Dataset entries:
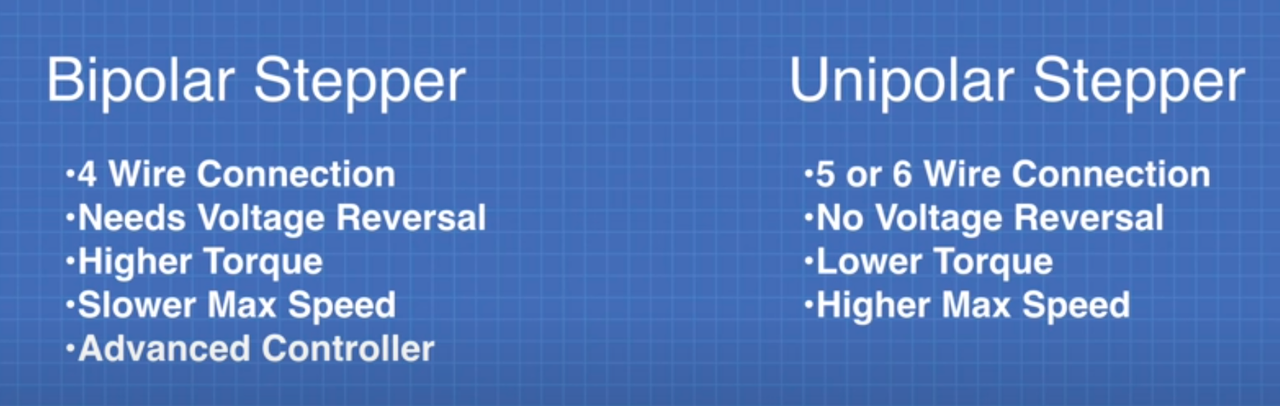 Difference between Bipolar and unipolar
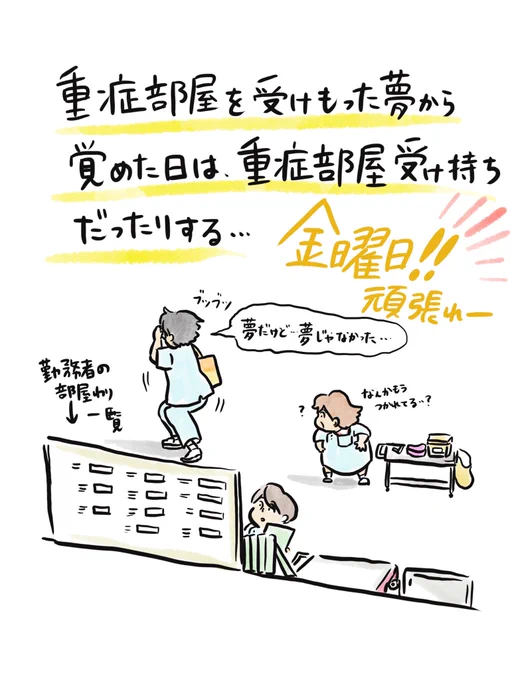めちゃくちゃ働く夢みたあとの、日勤ほど辛いものはないですよね…
そんなときは、一緒に「夢だけど夢じゃなかった…」と叫びましょう。

金曜日!皆様に幸あれ…! 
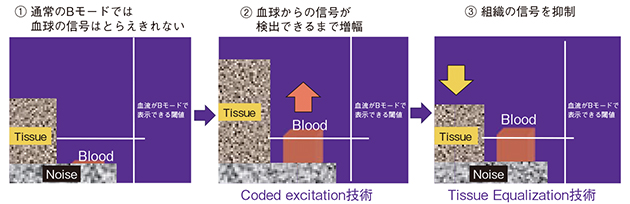 図7　B-Flowの原理
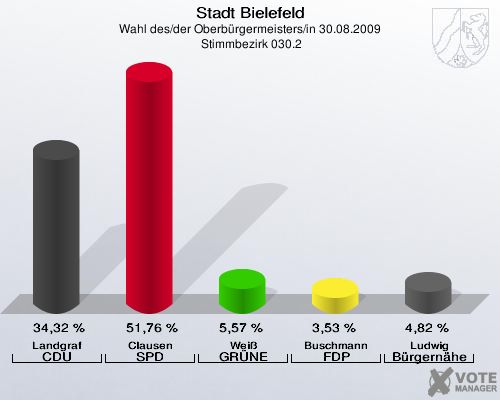 Stadt Bielefeld, Wahl des/der Oberbürgermeisters/in 30.08.2009,  Stimmbezirk 030.2: Landgraf CDU: 34,32 %. Clausen SPD: 51,76 %. Weiß GRÜNE: 5,57 %. Buschmann FDP: 3,53 %. Ludwig Bürgernähe: 4,82 %. 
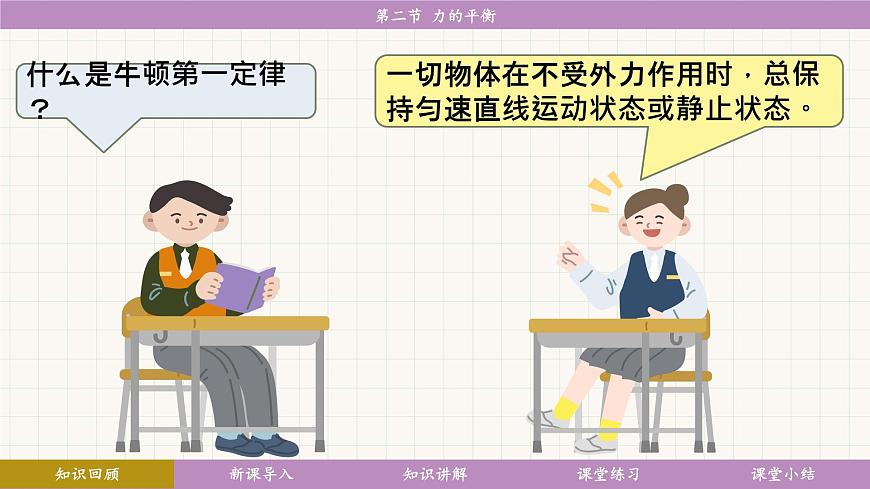 教科版（2024）物理八年級下冊 8.2力的平衡（課件）第3頁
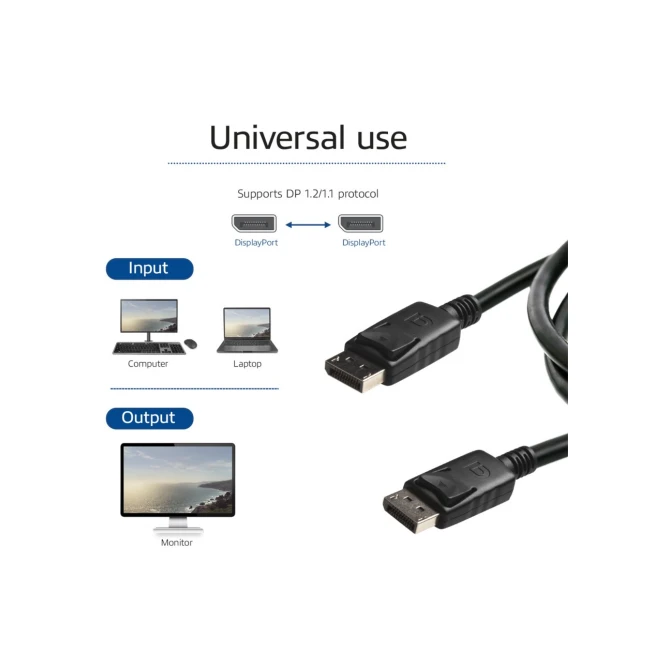 ACT AK3980 DisplayPort kabel 2 m Zwart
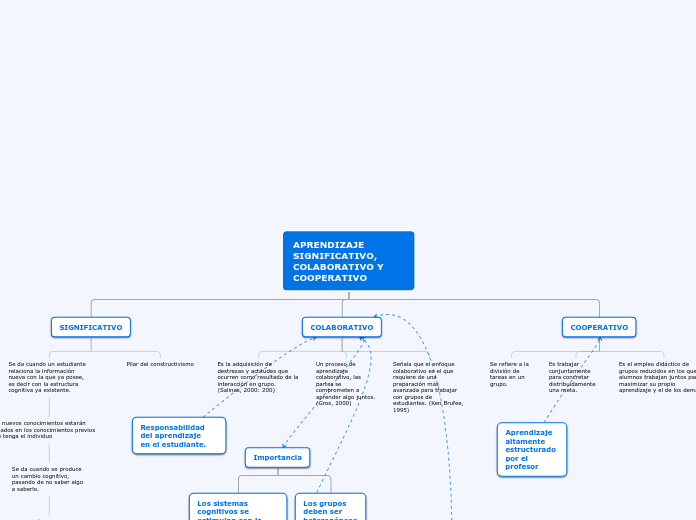 APRENDIZAJE            SIGNIFICATIVO, C...- Mapa Mental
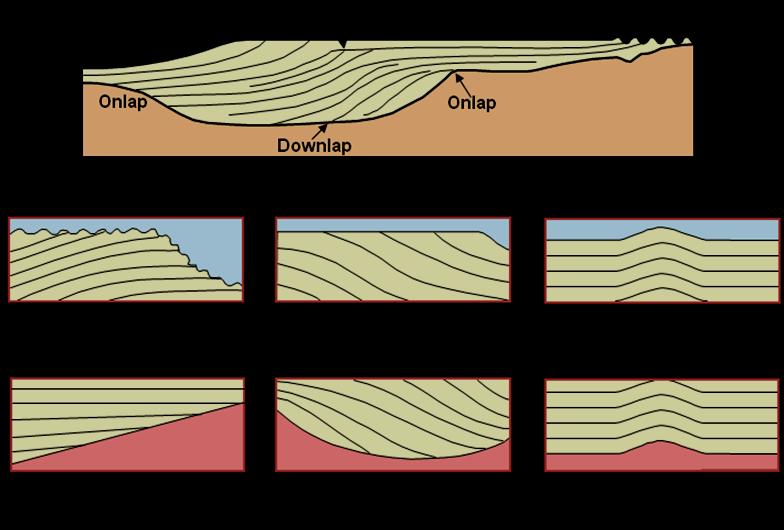 29 superfícies de downlap, desde que apresentem suficientes contrastes de velocidade/densidade para causar reflexões sísmicas coerentes.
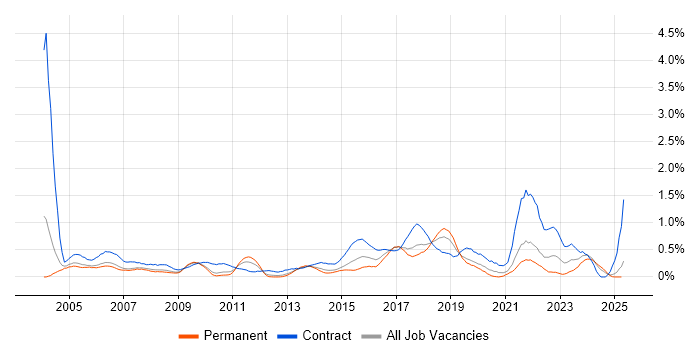 Job vacancy trend for Desktop Support Engineer in Cheshire Job vacancy trend for Desktop Support Engineer in Cheshire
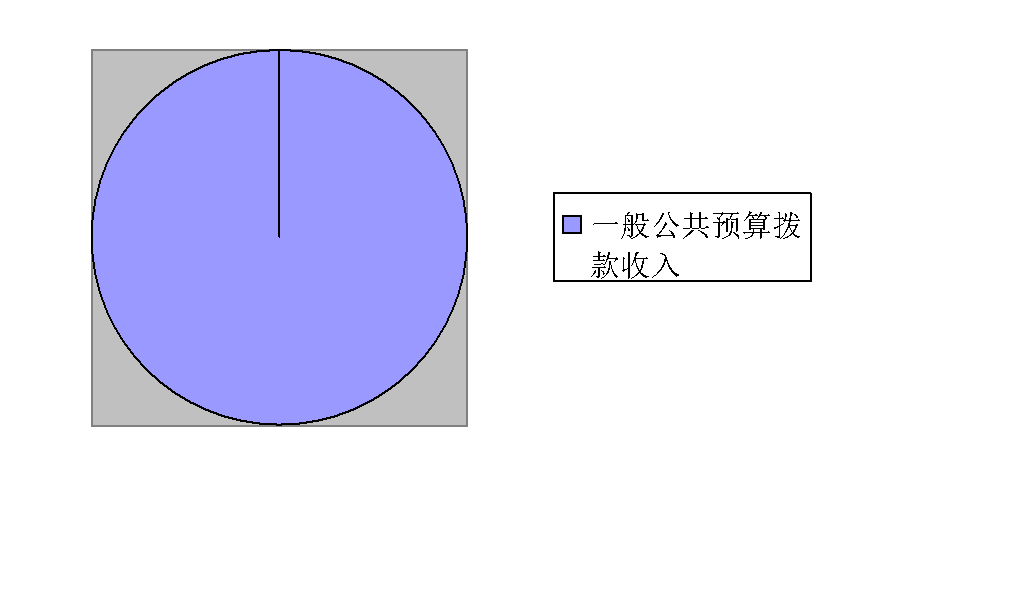 圖1：收入預(yù)算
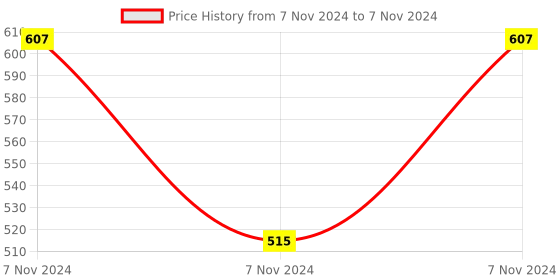 electronicscomp.com MG16126-A Helping Hand for PCB with Multifunctional Magnifier (Magnifying Glass) and Soldering Iron Stand with LED Light Price History Graph from 7 Nov 2024 to 7 Nov 2024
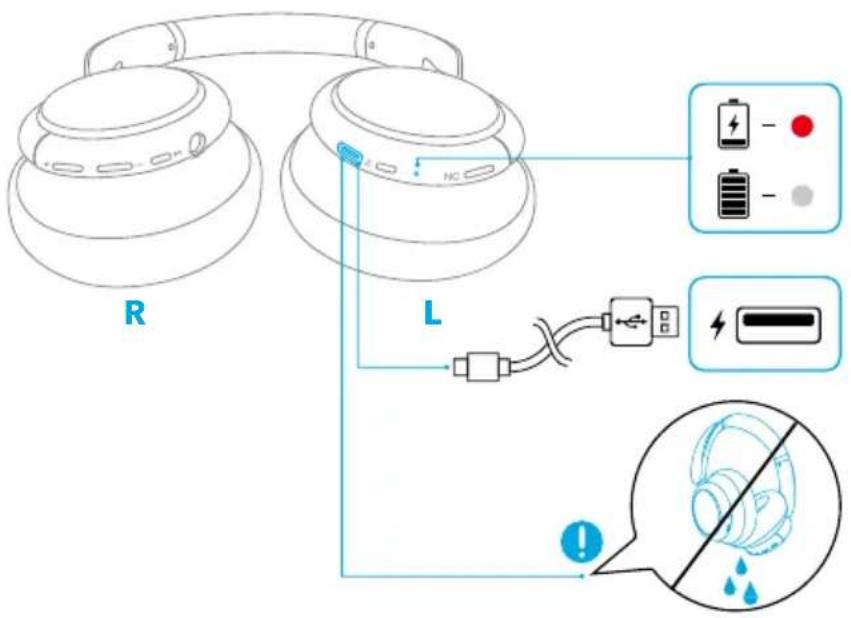 soundcore Life Q30 - Soundcore - 6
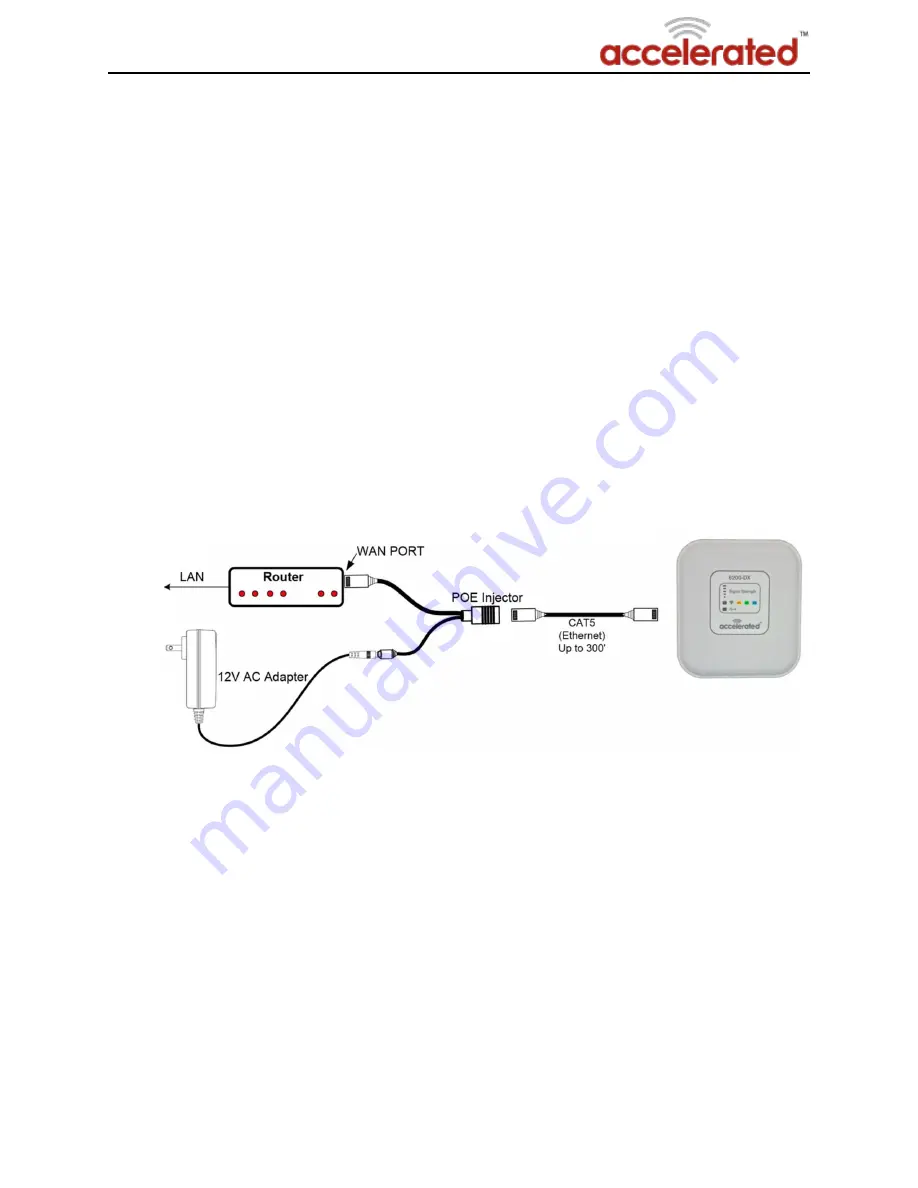 acelerated 6200-FX User Manual Download Page 5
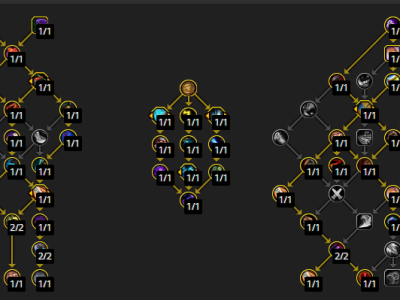 魔兽世界11.0.5狂徒贼天赋加点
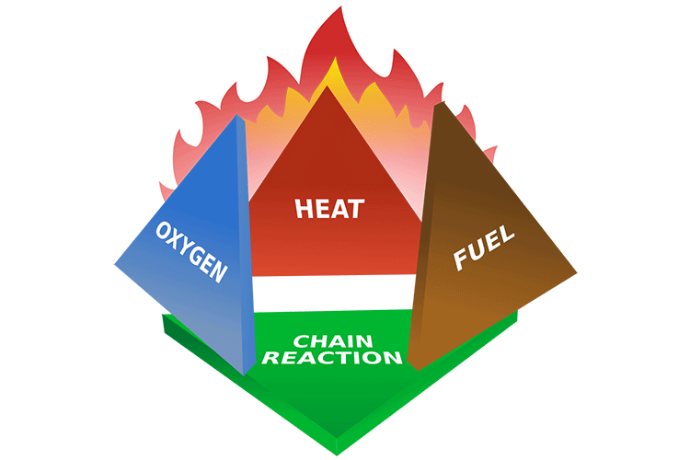 Carré de feu ou  Feu tétraèdre (Fire Tetrahedron)  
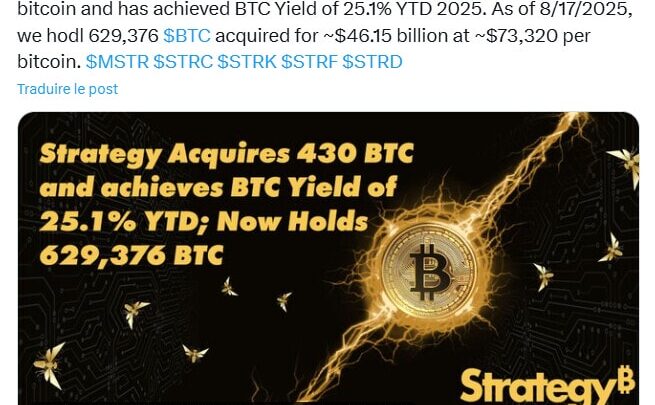 Bitcoin : Strategy ajoute 51 millions $ à son trésor, s’approchant des 630 000 BTC (3% de l’offre totale)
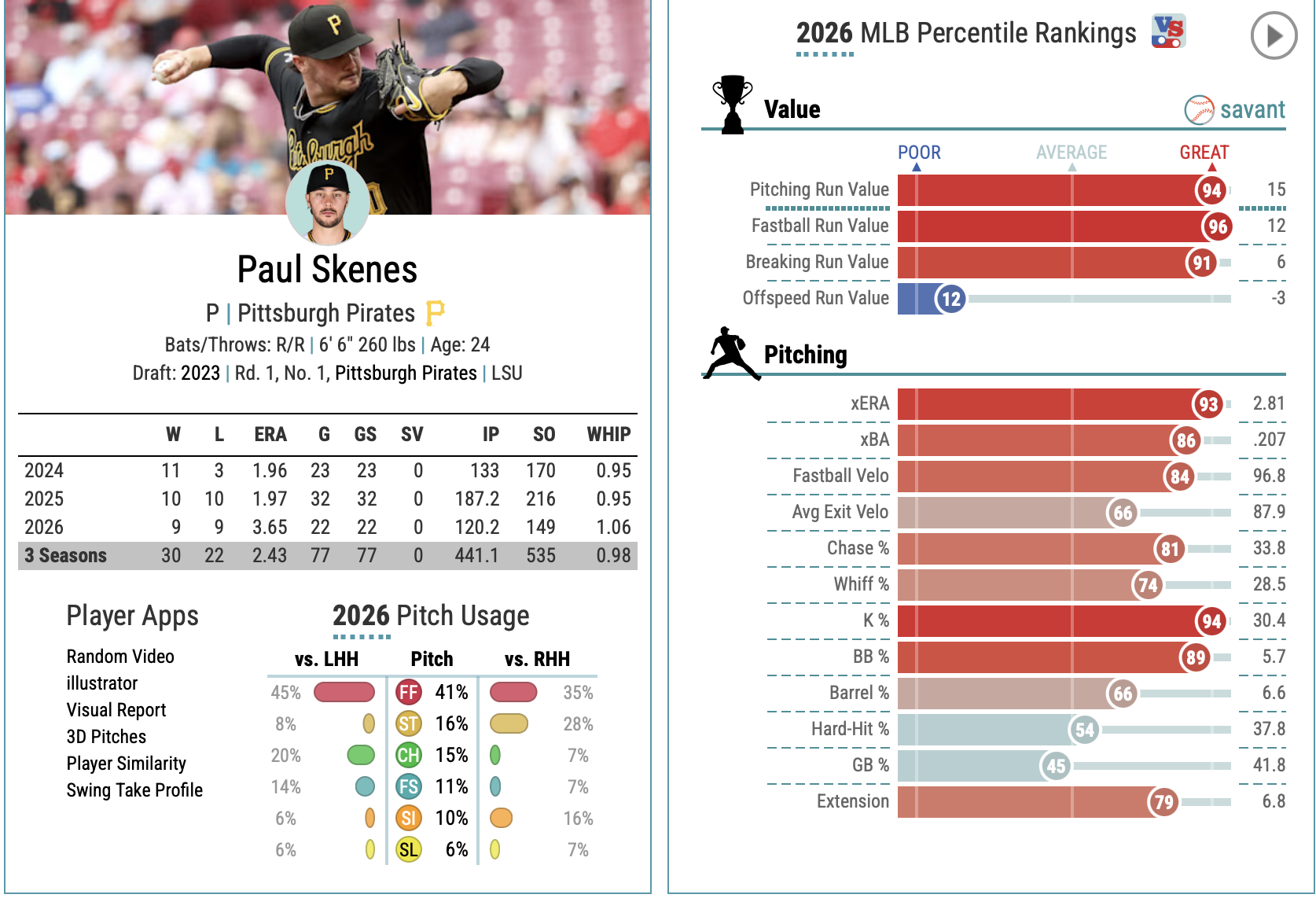 Paul Skenes Baseball Savant profile showing xERA, xBA, and percentile rankings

### Exercise goal
Return all of the entries exactly as written, but drop any pictures they hold.

### Response
 Difference between Bipolar and unipolar
めちゃくちゃ働く夢みたあとの、日勤ほど辛いものはないですよね…
そんなときは、一緒に「夢だけど夢じゃなかった…」と叫びましょう。

金曜日!皆様に幸あれ…! 
 図7　B-Flowの原理
 Stadt Bielefeld, Wahl des/der Oberbürgermeisters/in 30.08.2009,  Stimmbezirk 030.2: Landgraf CDU: 34,32 %. Clausen SPD: 51,76 %. Weiß GRÜNE: 5,57 %. Buschmann FDP: 3,53 %. Ludwig Bürgernähe: 4,82 %. 
 教科版（2024）物理八年級下冊 8.2力的平衡（課件）第3頁
 ACT AK3980 DisplayPort kabel 2 m Zwart
 APRENDIZAJE            SIGNIFICATIVO, C...- Mapa Mental
 29 superfícies de downlap, desde que apresentem suficientes contrastes de velocidade/densidade para causar reflexões sísmicas coerentes.
 Job vacancy trend for Desktop Support Engineer in Cheshire Job vacancy trend for Desktop Support Engineer in Cheshire
 圖1：收入預(yù)算
 electronicscomp.com MG16126-A Helping Hand for PCB with Multifunctional Magnifier (Magnifying Glass) and Soldering Iron Stand with LED Light Price History Graph from 7 Nov 2024 to 7 Nov 2024
 soundcore Life Q30 - Soundcore - 6
 acelerated 6200-FX User Manual Download Page 5
 魔兽世界11.0.5狂徒贼天赋加点
 Carré de feu ou  Feu tétraèdre (Fire Tetrahedron)  
 Bitcoin : Strategy ajoute 51 millions $ à son trésor, s’approchant des 630 000 BTC (3% de l’offre totale)
 Paul Skenes Baseball Savant profile showing xERA, xBA, and percentile rankings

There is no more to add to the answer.